En el profuso quehacer de Picasso (y de acuerdo, justamente, con dicha profusión) hay algo que difícilmente entiende el estudioso, ni el propio maestro malagueño (por peregrinas o agudas que se le ocurran a uno sus explicaciones) acierta tampoco a descifrar: su indiferencia o probada... la aversión al empleo de la piedra. Repasado con todo detalle su curriculum. solamente nos es dado reconocer dos esculturas realizadas en piedra (una cabeza, de 1914. y otra, soberbia, por cierto, de 1943), sin que merezcan condición de tales los ingeniosos juegos que llevó a cabo en diversas épocas (en 1937 y 1944 y 45 especialmente) sobre la superficie de guijarros y cantos rodados hallados al azar: la materia y el volumen pertenecían a éstos, correspondiendo al arte los dibujos tan sólo o las incisiones que sobre ellos dejó el sagaz descubridor.

¿A qué puede obedecer semejante desdén o simple olvido por parte de un artista como el nuestro impenitentemente abierto (esencialmente curioso) a todas las técnicas, materias y procederes? ¿Qué explicación cabe esperar de quien todo lo probó y acabó con todo? Oigámosla tal cual de labios de Pablo Picasso y la recoge Wemer Spies: «Es realmente extraño que a alguien se le ocurriera alguna vez hacer estatuas en mármol... Comprendo que pueda ser materia de inspiración la raíz de un árbol, una grieta en el muro, una piedra corroída, un guijarro.... pero ¿el mármol? Sólo existe en Moques, no provoca estímulos, no inspira... ¿Cómo pudo reconocer Miguel Ángel su David en un bloque de mármol? Al hombre se le ocurrió fijar imágenes sólo porque las encontró a su alrededor, a su alcance, casi totalmente formadas. Las reconoció en un hueso, en las irregularidades del muro de una cueva, en un leño... Una de las formas guardaba semejanza con una mujer, otra le recordó un bisonte, otra la cabeza de un monstruo..."

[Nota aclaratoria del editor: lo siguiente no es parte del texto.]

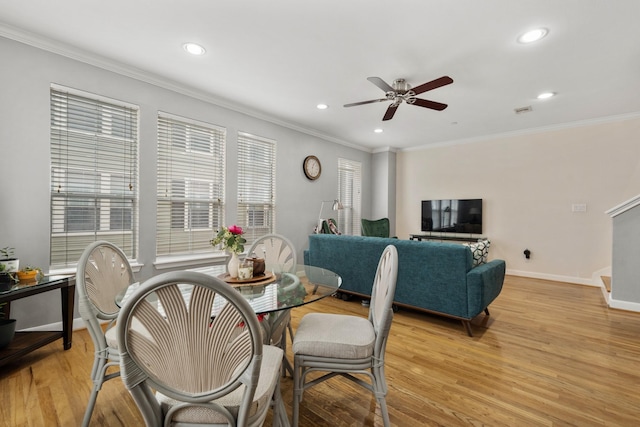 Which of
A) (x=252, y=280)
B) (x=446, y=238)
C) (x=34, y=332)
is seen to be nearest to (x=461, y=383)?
(x=252, y=280)

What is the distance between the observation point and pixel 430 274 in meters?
2.85

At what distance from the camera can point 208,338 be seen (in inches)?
34.9

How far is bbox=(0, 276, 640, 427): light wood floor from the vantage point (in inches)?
62.7

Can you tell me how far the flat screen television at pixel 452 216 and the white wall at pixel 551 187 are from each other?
0.55 ft

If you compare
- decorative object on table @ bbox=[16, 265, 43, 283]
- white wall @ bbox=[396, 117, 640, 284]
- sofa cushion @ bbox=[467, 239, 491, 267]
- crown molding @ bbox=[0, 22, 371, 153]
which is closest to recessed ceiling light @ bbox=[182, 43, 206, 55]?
crown molding @ bbox=[0, 22, 371, 153]

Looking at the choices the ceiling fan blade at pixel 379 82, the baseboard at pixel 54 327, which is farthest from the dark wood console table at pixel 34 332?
the ceiling fan blade at pixel 379 82

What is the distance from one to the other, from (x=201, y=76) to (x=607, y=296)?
5560 mm

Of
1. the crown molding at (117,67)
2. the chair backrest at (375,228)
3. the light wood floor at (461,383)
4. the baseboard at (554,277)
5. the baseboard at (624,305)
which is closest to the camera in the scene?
the light wood floor at (461,383)

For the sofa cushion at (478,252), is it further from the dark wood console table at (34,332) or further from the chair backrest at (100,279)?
the dark wood console table at (34,332)

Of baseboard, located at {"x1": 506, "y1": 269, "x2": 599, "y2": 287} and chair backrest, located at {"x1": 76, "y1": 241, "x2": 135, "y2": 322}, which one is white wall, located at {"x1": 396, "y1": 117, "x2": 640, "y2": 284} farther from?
chair backrest, located at {"x1": 76, "y1": 241, "x2": 135, "y2": 322}

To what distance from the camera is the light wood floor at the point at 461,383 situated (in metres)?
1.59

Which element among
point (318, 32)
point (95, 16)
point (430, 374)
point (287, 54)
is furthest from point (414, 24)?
point (430, 374)

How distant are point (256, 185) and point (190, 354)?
358cm

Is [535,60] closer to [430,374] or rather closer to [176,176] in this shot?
[430,374] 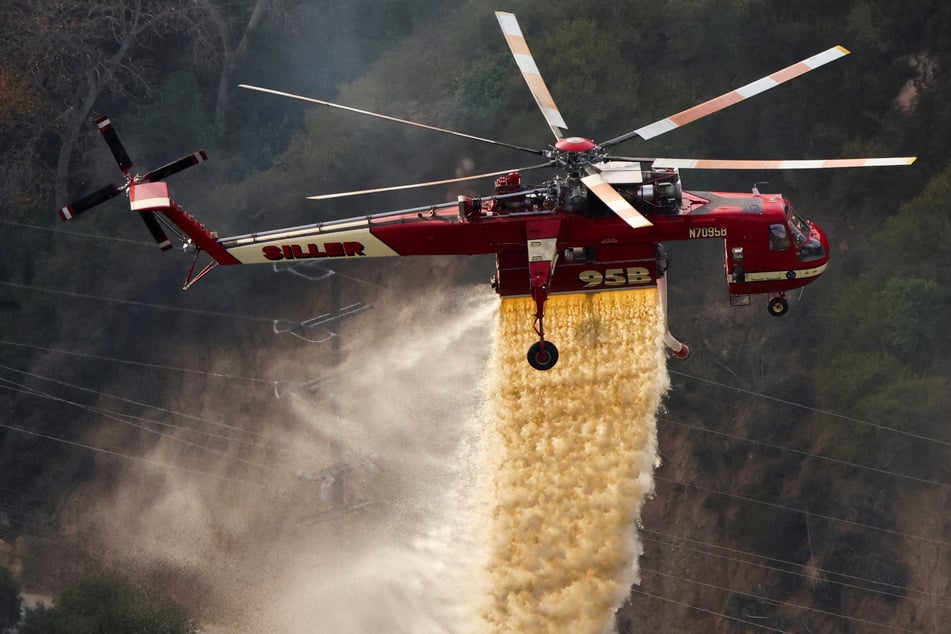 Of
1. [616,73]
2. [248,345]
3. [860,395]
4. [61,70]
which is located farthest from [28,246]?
[860,395]

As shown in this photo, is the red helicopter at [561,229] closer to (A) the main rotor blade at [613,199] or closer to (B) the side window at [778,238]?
(B) the side window at [778,238]

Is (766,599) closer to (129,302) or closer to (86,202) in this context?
(129,302)

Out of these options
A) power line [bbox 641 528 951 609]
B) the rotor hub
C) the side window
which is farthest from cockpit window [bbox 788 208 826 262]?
power line [bbox 641 528 951 609]

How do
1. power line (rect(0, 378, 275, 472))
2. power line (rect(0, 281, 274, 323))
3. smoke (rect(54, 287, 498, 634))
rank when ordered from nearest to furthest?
smoke (rect(54, 287, 498, 634)) → power line (rect(0, 378, 275, 472)) → power line (rect(0, 281, 274, 323))

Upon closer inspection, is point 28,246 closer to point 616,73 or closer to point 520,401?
point 616,73

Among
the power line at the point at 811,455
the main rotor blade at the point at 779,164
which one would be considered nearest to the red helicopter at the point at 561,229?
the main rotor blade at the point at 779,164

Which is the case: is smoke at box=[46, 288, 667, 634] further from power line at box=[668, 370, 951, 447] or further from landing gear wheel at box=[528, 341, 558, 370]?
power line at box=[668, 370, 951, 447]
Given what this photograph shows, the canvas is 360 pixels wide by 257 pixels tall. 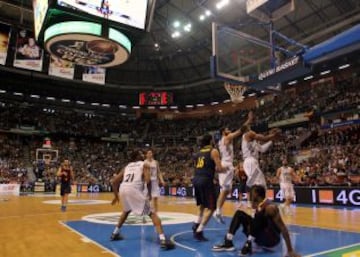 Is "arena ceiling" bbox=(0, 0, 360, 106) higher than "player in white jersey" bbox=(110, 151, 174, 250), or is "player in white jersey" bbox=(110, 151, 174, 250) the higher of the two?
"arena ceiling" bbox=(0, 0, 360, 106)

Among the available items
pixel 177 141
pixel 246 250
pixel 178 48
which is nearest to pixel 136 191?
pixel 246 250

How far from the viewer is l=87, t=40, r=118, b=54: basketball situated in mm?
12204

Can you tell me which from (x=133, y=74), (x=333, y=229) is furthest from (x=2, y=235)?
(x=133, y=74)

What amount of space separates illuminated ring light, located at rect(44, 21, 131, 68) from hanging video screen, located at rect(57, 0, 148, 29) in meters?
0.58

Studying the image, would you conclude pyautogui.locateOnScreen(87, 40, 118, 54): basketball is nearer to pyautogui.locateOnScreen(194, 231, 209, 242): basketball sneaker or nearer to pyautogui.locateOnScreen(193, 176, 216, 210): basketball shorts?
pyautogui.locateOnScreen(193, 176, 216, 210): basketball shorts

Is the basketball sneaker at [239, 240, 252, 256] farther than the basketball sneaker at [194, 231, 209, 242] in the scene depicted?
No

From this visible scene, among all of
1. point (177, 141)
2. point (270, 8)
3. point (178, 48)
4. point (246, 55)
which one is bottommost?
point (270, 8)

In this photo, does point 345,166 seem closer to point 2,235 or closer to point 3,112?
point 2,235

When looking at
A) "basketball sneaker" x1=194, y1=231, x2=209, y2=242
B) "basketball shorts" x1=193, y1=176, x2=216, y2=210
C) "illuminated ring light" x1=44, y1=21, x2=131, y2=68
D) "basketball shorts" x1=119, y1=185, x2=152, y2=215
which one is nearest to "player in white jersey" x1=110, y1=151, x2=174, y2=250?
"basketball shorts" x1=119, y1=185, x2=152, y2=215

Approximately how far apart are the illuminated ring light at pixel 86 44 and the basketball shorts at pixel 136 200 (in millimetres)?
6742

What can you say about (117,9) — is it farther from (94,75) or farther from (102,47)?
(94,75)

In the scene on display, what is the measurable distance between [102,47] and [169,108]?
32451 millimetres

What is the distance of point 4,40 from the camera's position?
2238 centimetres

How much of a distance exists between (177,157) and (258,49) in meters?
29.1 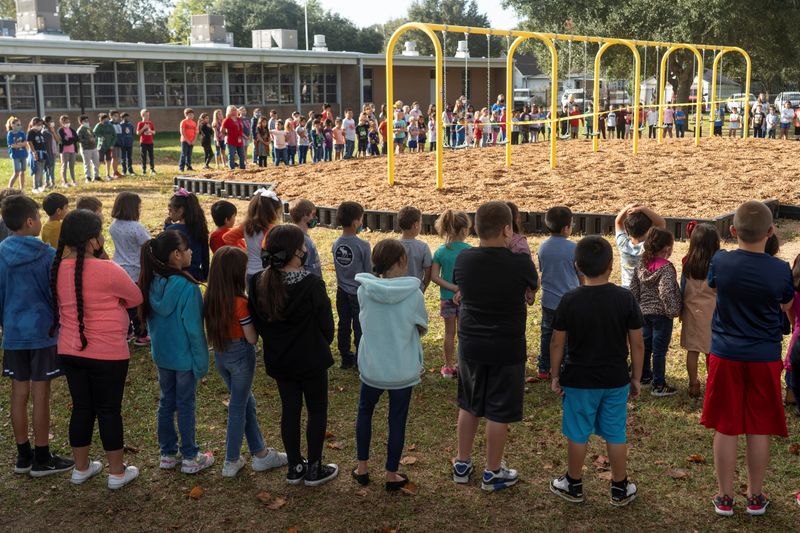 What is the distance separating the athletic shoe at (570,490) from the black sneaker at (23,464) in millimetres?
3420

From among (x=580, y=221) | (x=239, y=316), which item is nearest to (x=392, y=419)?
(x=239, y=316)

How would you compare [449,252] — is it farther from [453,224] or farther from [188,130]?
[188,130]

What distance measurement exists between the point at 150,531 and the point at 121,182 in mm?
16974

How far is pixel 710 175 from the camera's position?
17062 millimetres

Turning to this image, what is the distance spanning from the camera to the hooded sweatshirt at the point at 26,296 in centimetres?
512

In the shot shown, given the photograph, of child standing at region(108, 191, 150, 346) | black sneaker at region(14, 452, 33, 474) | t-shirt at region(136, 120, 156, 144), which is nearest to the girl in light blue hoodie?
black sneaker at region(14, 452, 33, 474)

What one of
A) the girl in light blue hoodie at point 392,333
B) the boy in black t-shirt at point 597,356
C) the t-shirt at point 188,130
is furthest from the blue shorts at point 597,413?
the t-shirt at point 188,130

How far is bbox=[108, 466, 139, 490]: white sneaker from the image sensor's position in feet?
16.8

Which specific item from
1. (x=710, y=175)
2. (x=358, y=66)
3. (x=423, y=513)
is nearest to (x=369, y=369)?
(x=423, y=513)

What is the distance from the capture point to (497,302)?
474cm

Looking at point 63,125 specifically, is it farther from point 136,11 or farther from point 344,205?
point 136,11

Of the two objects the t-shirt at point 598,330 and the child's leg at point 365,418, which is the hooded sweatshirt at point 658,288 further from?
the child's leg at point 365,418

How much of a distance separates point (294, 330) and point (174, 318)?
0.81 metres

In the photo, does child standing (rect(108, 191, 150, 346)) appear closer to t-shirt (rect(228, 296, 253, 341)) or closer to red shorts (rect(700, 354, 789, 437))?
t-shirt (rect(228, 296, 253, 341)) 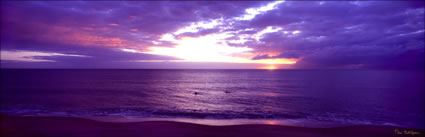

Poco satisfactoria en cuanto al significado de la piedra en la convalidación de la escultura histórica (y muy en particular en lo que a la de Miguel Ángel atañe), la irónica explicación de Picasso llega a hacérsenos harto elocuente a la luz de una de sus premisas fundamentales (“yo no busco: encuentro”) y a tenor de su más feliz consecuencia: el arte del hallazgo. ¿Quién sino él ha sido capaz de conformar escultóricamente la cabeza de un toro con el sillín y el manillar de una bicicleta, o definir no menos escultóricamente la cabeza de un mono en su superposición de dos automóviles de juguete, o trazar el vuelo de un pájaro sin otra mediación que un patín y una pluma... o crear la mas perfecta de las cabras merced al ingenioso agregado de una cesta, unos trozos de palmera, dos sarmientos, dos cartones y un fragmento de cerámica...? Y quizá vaya en ello (en ese primitivo y primigenio abrirse, sin más. al reclamo de la naturaleza circundante) lo mejor de la escultura y todo el restante saber y buen hacer de este «hombre de Altamira —como acertó a definirlo Jean Cassou— extraordinariamente civilizado.»